Fattori destaca a importância de desenvolver o hábito de checagem. "O caminho é, toda vez que receber uma informação, buscar verificadores de autenticidade, checar se há outras notícias sobre o tema e analisar a origem daquele conteúdo", orienta.
Legislação já prevê punições
No campo jurídico, o especialista lembra que já existem mecanismos de responsabilização. "Quem cria conteúdo falso pode cometer crime, e a Justiça Eleitoral proíbe a disseminação de deepfakes, o que pode gerar sanções para candidatos ou apoiadores", explica. Além disso, outras normas podem ser aplicadas, como a Lei Geral de Proteção de Dados (LGPD) em casos de uso indevido de dados, e mecanismos como o Código Civil. Uma preocupação adicional apontada por Fattori é a manipulação de pesquisas eleitorais com dados distorcidos. "Esse é um aspecto sensível, porque a pesquisa influencia diretamente a formação de opinião", afirma.
No caso de Hajj Mangolin, profissional especializado em comunicação para campanhas políticas e no uso de inteligência artificial, sobretudo para coleta de análise e análise de preditores de dados, há um consenso sobre o tema: "O problema não está na tecnologia em si, mas na forma como ela é utilizada. Na falta de escrúpulos e o vale-tudo das eleições”. O risco está em quem utiliza essas ferramentas para espalhar notícias falsas, aponta.
Mangolin destaca que a tendência é de ampliação do uso tecnológico em todos os setores, inclusive na política. "Todos vão utilizar o que há de mais moderno. O perfil das campanhas hoje é se interessar por novas tecnologias, inclusive com uso de áudio e outros recursos para se comunicar melhor com o eleitor", explica.
Porém, alerta, assim como a OAB Jundiaí, que a popularização de ferramentas que permitam identificar o que é verdadeiro ou falso, inclusive com aplicativos que o cidadão possa utilizar no dia a dia, é importante. Afirma que pode ser preocupante a velocidade de resposta no período eleitoral, e a demora para identificação e penalização dos envolvidos.

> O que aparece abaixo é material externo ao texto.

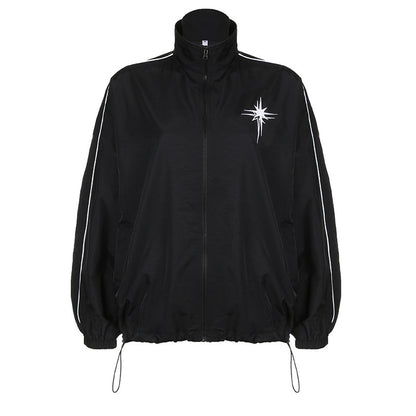 Retro Street Asterism Loose Turtleneck Version Coat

Seria fundamental “garantir agilidade na retirada de conteúdos irregulares do ar”, afirma. Segundo ele, esse processo depende da atuação conjunta entre Justiça e plataformas digitais.
Sobre a manipulação indevida da IA, Fattori, aponta uma preocupação sobre o uso inadequado de pesquisas eleitorais, com dados distorcidos, que podem induzir o eleitor. “Esse é um aspecto sensível, porque a pesquisa influencia diretamente a formação de opinião”, afirma.
As novas regras
A propaganda eleitoral é permitida a partir de 16 de agosto. A partir dessa data, conteúdos produzidos ou alterados por IA, como textos, áudios, vídeos e imagens, deverão informar de forma clara que são sintéticos. A norma também proíbe a divulgação e o impulsionamento desse tipo de conteúdo nas 72 horas antes e nas 24 horas após a votação.Em caso de descumprimento, o conteúdo pode ser removido imediatamente e os responsáveis estão sujeitos a multa de R$ 5 mil a R$ 30 mil, além de sanções mais graves, como cassação de candidatura ou mandato, em situações que configurem abuso de poder.